▸ PROBLEM
Your copy should hold exactly the lines from the one containing "아랍에미리트(UAE)에 건설될 원전 조감도. 사진 제공 한국전력공사" through the last line of the entries, and no pictures.

===== EXCERPTED RECORDS

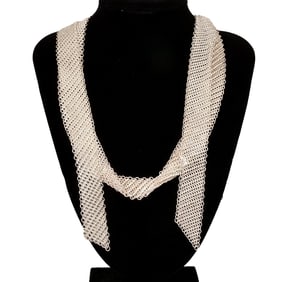 ESLA PERETTI FOR TIFFANY & CO., STERLING SILVER MESH SCARF NECKLACE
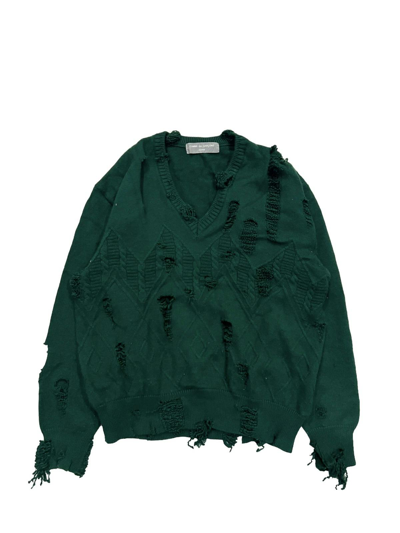 Pre-owned Comme Des Garcons X Comme Des Garcons Homme A/w 1990 Comme Des Garcons Distressed Grunge Punk Sweater In Forest Green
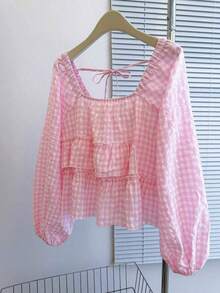 Blusa con volantes en el bajo, nueva llegada de otoño para mujer - Rosa Pálido - Ver 4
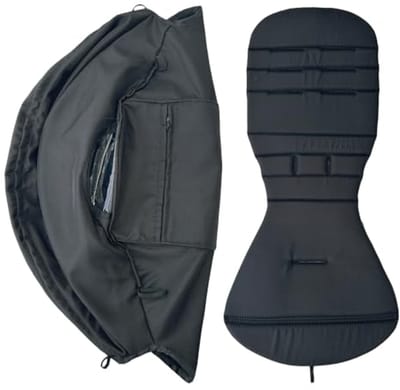 Colu Kid Luifel en zitkussen voor kinderwagen, compatibel met Babyzen YOYO 2 en YOYO+, vervangingsset voor kinderwagenaccessoires, dubbellaagse waterdichte stof (zwart)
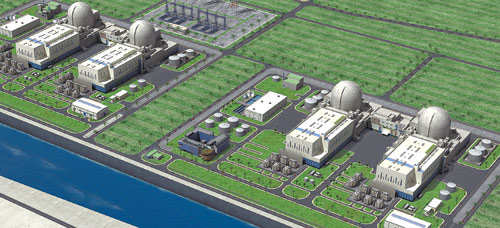 아랍에미리트(UAE)에 건설될 원전 조감도. 사진 제공 한국전력공사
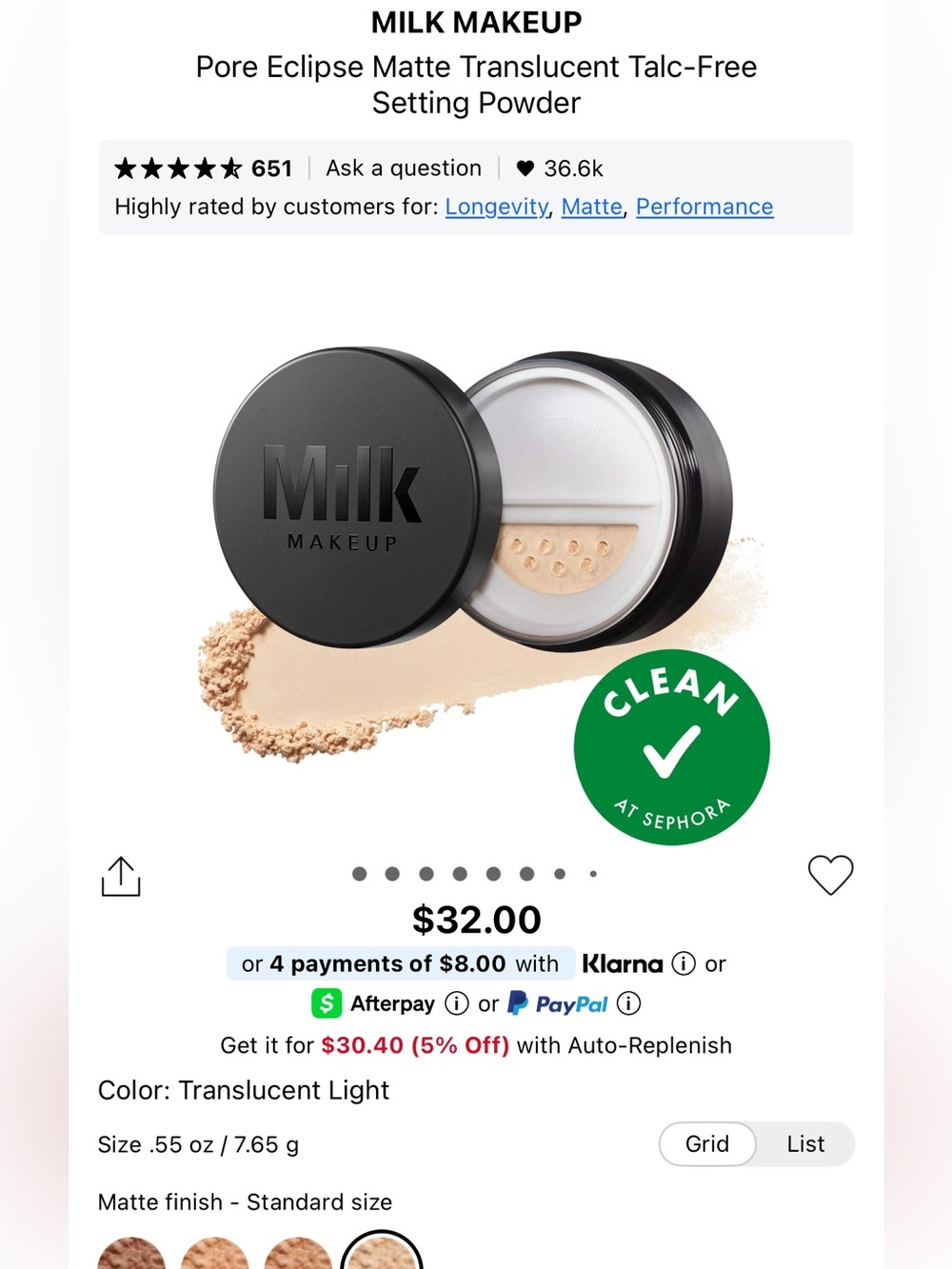 Milk Makeup Translucent Light Loose Setting Powder - White/Cream Sifter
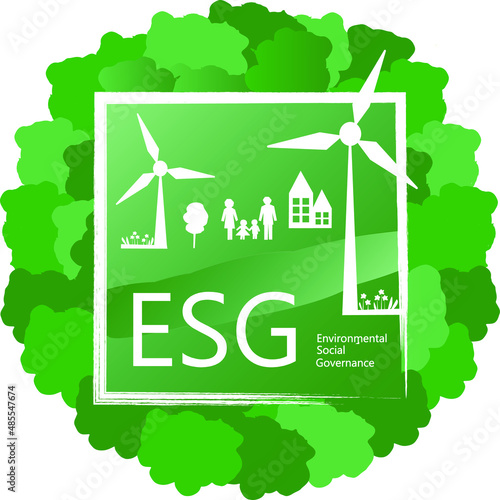 ESG concept of environmental, social and governance; sustainable development. Vector illustration, EPS 10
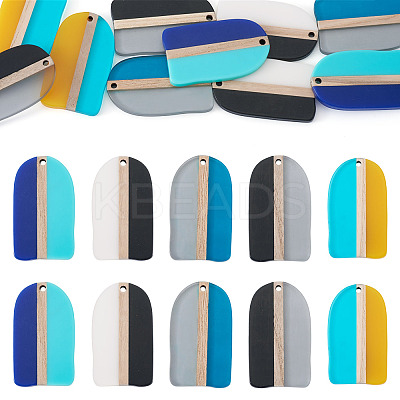 10Pcs 5 Colors Resin & Wood Pendants RESI-TA0004-53-1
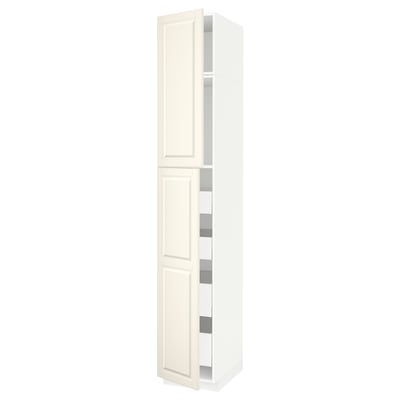 White METOD kitchen cabinet, tall with shelves, classic design.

==========

▸ THE ANSWER
 아랍에미리트(UAE)에 건설될 원전 조감도. 사진 제공 한국전력공사
 Milk Makeup Translucent Light Loose Setting Powder - White/Cream Sifter
 ESG concept of environmental, social and governance; sustainable development. Vector illustration, EPS 10
 10Pcs 5 Colors Resin & Wood Pendants RESI-TA0004-53-1
 White METOD kitchen cabinet, tall with shelves, classic design.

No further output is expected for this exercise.